Samuel Perry, a University of Oklahoma sociologist and co-author of “The Flag and the Cross: White Christian Nationalism and the Threat to American Democracy,” argued that Mastriano’s campaign represented more of Christian nationalism’s fringe than of its broader appeal.
“His public appearances are bizarre, his statements are extremist,” Perry said in a statement to Religion News Service, “and some of his known associates (like Gab CEO Andrew Torba) would be radioactive to most Americans.”
Even so, Perry said, Mastriano’s win in the gubernatorial primary speaks to the power wielded by Christian nationalism’s hard-liners.
“The fact that he hasn’t been blown out of the water since day one tells the radical Christian nationalist fringe — the kind that would support arresting women who have abortions, or overturn Obergefell, or institutionalize Christian supremacy — that their views are finding resonance among enough people to where they can just keep trying,” Perry said.
Anthea Butler, chair of religious studies at the University of Pennsylvania, agreed that despite his poor showing on Election Day, Mastriano’s loss is unlikely to stop appeals to Christian nationalism. “I think we’re just at the beginning of this effort, given the recent books and talks that evangelicals have been promoting,” Butler said in an email.
Butler noted too that Christian nationalism will get a boost if former President Donald Trump enters the presidential race.

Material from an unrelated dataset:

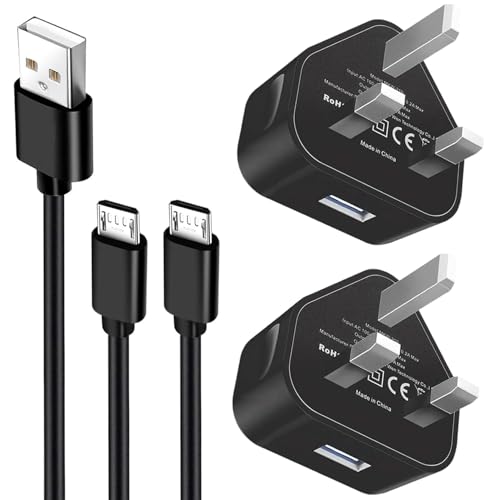 2 pack Micro Kindle Fire HD Tablet Charger Cord for Amazon Fire HD 7 8 10 4-5th Gen (2014-2019) Kindle Paperwhite 1-10th Oasis 1-4th Gen Voyage DX Keyboard Touch Kids Charger Cable Replacement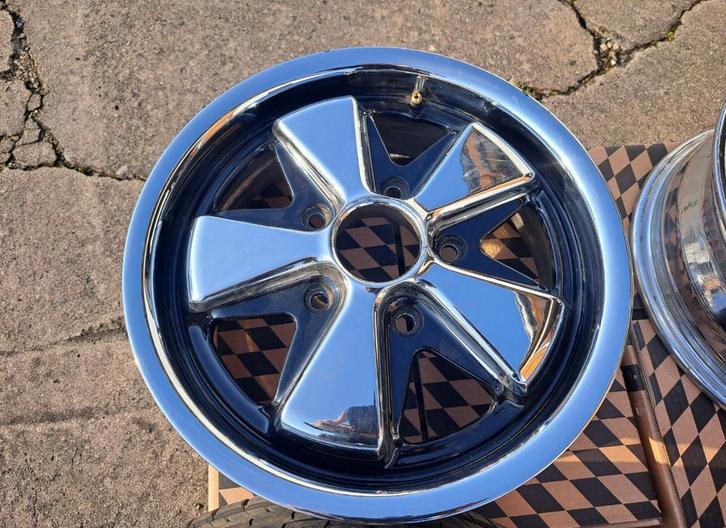 JBW Velgen Porsche Fuchs Look 5x130 15 inch, Auto-onderdelen, Banden en Velgen, Velg(en), 15 inch, Gebruikt, Ophalen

In recent days Trump fed expectations that he will announce a third White House bid as soon as next week.
“The embrace of Christian nationalism works well with MAGA, and with Trump’s potential announcement for President, I don’t think that it is going to go away any time soon,” Butler said. “Mastriano is just one of many candidates who find purchase with Christian nationalism.”
Andrew Whitehead, a sociologist who wrote 2020’s “Taking America Back for God: Christian Nationalism in the United States” with Perry, said the power of Christian nationalism may be better judged among smaller constituencies.
“Winning a race like Mastriano’s in Pennsylvania, leaning on Christian nationalism, is harder than, perhaps, a congressional seat in the South,” Whitehead said.
Whether Christian nationalism helps or hurts a candidate, party operatives may not have much control over the movement’s power, Whitehead said. “Because voters in primaries are usually the most motivated, and strong supporters of Christian nationalism are very motivated, candidates who embrace Christian nationalism may continue to win nominations even if they sometimes lose general elections,” he said.